Evidence for a regulatory role of a phosphorylation-dephosphorylation cycle in hypothalamic and lung histidine decarboxylase (HisDC) activity

Abstract

To investigate the modulation of histidine decarboxylase (HisDC) activity by the degree of phosphorylation of a modulatory (or enzyme) protein, HisDC was partially purified from the cytosol of the hypothalamus, the lungs and the glandular stomach of rats by ammonium sulphate precipitation (25–45% saturation) and incubated with highly purified phosphoprotein phosphatase (Type 2-A) under control and phosphorylating conditions by adding ATP, MgCl2, cAMP and purified protein kinase A to reaction mixtures. The presence of phosphoprotein, phosphatase 2A in reaction mixtures resulted in a partial reversal of HisDC inhibition induced by phosphorylating conditions, and a markedly enhanced basal enzyme activity in control conditions. In contrast, the glandular stomach HisDC failed to response strikingly either to phosphorylating or to dephosphorylating conditions.
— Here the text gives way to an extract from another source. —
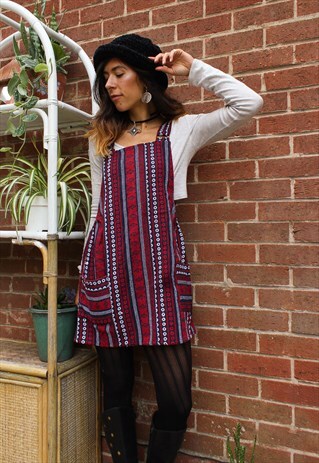 ADORNED FAIRTRADE RED DUNGAREE / OVERALL DRESS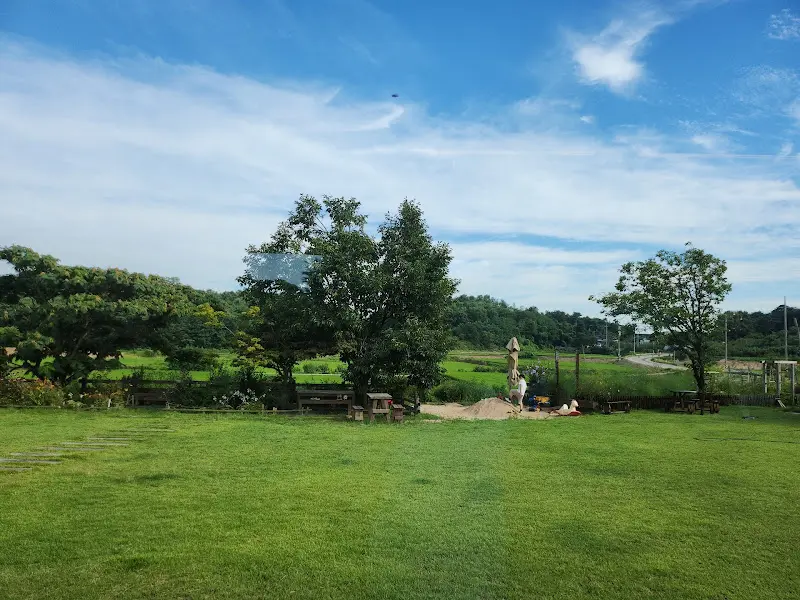 넓은 잔디밭에서 여유를 즐기는 사람들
In the cytosol, the time-course of preincubations showed an increased HisDC activity during the first 1–20, min incubation period and more enhanced enzyme activity in the presence of MnCl2, a stimulator of phosphoprotein phosphatase 2A. The addition of NaF (a common inhibitor of phosphoprotein phosphatases) to the preincubation mixtures resulted in instant, marked and long-lasting decreases in HisDC activity.